Л. Н. Толстой. Письмо к С. А. Толстой от 29 августа, Кочеты.
Ты меня глубоко тронула, дорогая Соня, твоими хорошими и искренними словами при прощанье. Как бы хорошо было, если бы ты могла победить то – не знаю, как назвать, – что в самой тебе мучает тебя. Как хорошо бы было и тебе и мне. Весь вечер мне грустно и уныло. Не переставая думаю о тебе. Пишу то, что чувствую, и не хочу писать ничего лишнего. Пожалуйста, пиши. Твой любящий муж
Л. Т.
Ложусь спать, двенадцатый час.
1 сентября
Утром уехала Катерина Васильевна с дочкой; и мне жаль. Завтракали Булгаков, Марья Александровна и Ризкина, рожденная Цингер (Лиза), с двумя мальчиками. Она неглупая и образованная, но чуждая своим материализмом и ученостью. Вечером еще приехала Надя Иванова. Гулять не ходила: не хочется орошать слезами и омрачать своим горем любимые места Ясной Поляны, по которым я всю жизнь, счастливая и радостная, легкой походкой, с легким сердцем, обегала под впечатлением красоты природы и собственного счастья! И, как и теперь, все необыкновенно здесь красиво в эти ясные, блестящие дни! А на душе грустно, грустно!
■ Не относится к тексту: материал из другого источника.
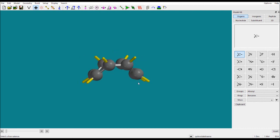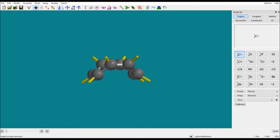Whatever molecule you want to make, you can design it here in Spartan. If you have any doubts, please put them in the comment box or send an email. Thank you, have a nice day.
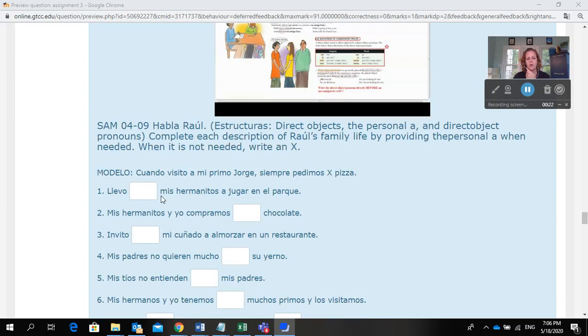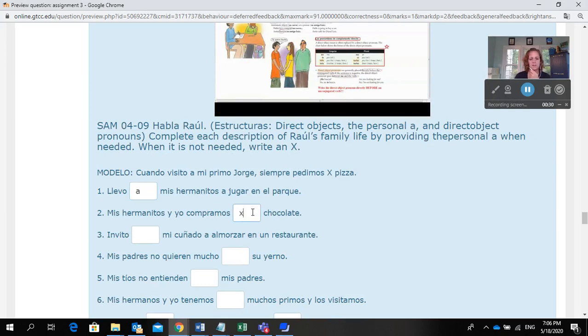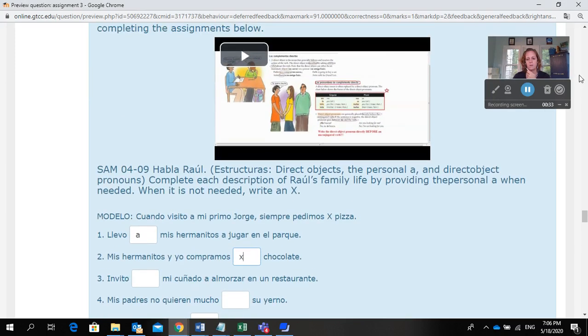Here, because my direct object is a person, I would put an 'a.' Here, my direct object is a thing — chocolate — so I would put an X. And that's how you would do this assignment.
Занималась много корректурой и вообще делами по изданию и распоряжениями по хозяйству. Но ничего не ладится; хотела ехать в Москву, но ничего у меня не готово, а энергии нет, и все кажется ненужным и неважным.
Тяжелый был инцидент с грубой Сашей. Она вошла в залу в то время, как я рассказывала Марье Александровне, как Л. Н. еще летом по приказанью Черткова заставил в овраге, где Чертков фотографировал Льва Николаевича и они зачем-то слезали с лошадей искать всех нас: Давыдова, Саломона, меня и других – потерянные господином Чертковым часы и как нам всем это было неловко, совестно и досадно за унижение Льва Ник. и всех нас за него.
Я уже кончала рассказ, когда вошла за чаем Саша и с места начала на меня кричать, что я опять говорю о Черткове. Я тоже рассердилась, заразившись, к сожаленью, ее злобой, и произошла тяжелая перебранка, о которой сожалею; но не могу же я испрашивать позволения у дочери, о чем мне беседовать с моими друзьями? Так тяжело и кончился день, и чувствую себя еще больнее и еще несчастнее. Писала мужу.
Л. Н. Толстой. Дневник для одного себя. Запись от 31 августа, 1 сентября.